Douglas' words were taken as an inspirational beacon, rather than becoming enshrined in practical law. Over the years, others attempted to bring to fish or wildlife the rights of plaintiffs in their own names. In 2004, a lawyer sued the U.S. Navy to cease oceanic sonar testing in the name of the "cetacean community"--that is, all the world's whales, porpoises and dolphins.
The 9th Circuit U.S. Court of Appeals pondered the point, and rejected it. But it was a close call. As the court found, nothing in Article III of the U.S. Constitution, which governs standing, "explicitly limits the ability to bring a claim in federal court to humans."
The problem merely was that Congress hadn't bothered to grant standing to sue to animals under the Endangered Species Act or other environmental protection measures. "But we see no reason why Article III prevents Congress from authorizing a suit in the name of an animal, any more than it prevents suits brought in the name of artificial persons such as corporations, partnerships or trusts and even ships, or of juridically incompetent persons such as infants, juveniles and mental incompetents."
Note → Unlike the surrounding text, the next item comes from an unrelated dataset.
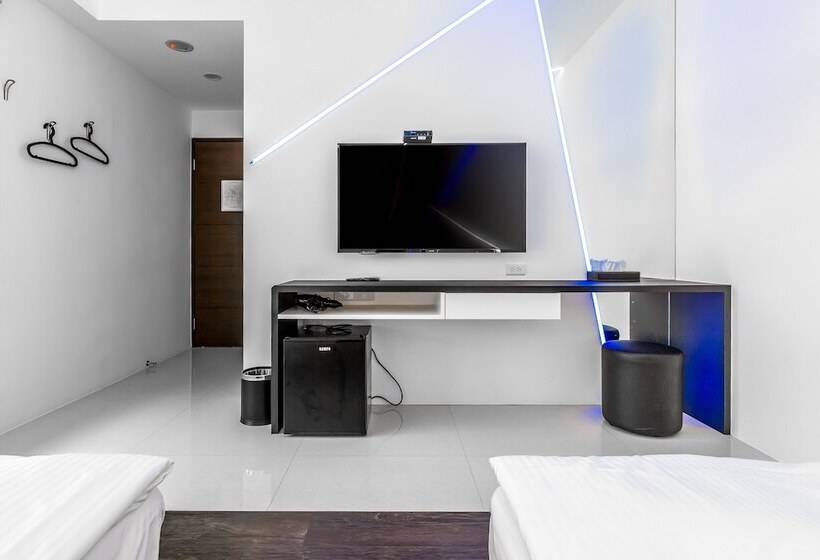 پانسیون Turn Left B&b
Sowards acknowledges that granting standing to inanimate objects or wildlife communities poses practical problems in court; it may be, moreover, that the existing grants of standing to environmental groups to represent nature may be enough.
But Douglas himself thought more was needed. The natural wondrs that receive the most advocacy are those accessible and familiar to humankind because they get hiked or canoed and portaged, or become the subjects of news-driven protection.
That may not be enough: "That is why these environmental issues should be tendered by the inanimate object itself. Then there will be assurances that all of the forms of life which it represents will stand before the court - the pileated woodpecker as well as the coyote and bear, the lemmings as well as the trout in the streams. Those inarticulate members of the ecological group cannot speak. But those people who have so frequented the place as to know its values and wonders will be able to speak for the entire ecological community."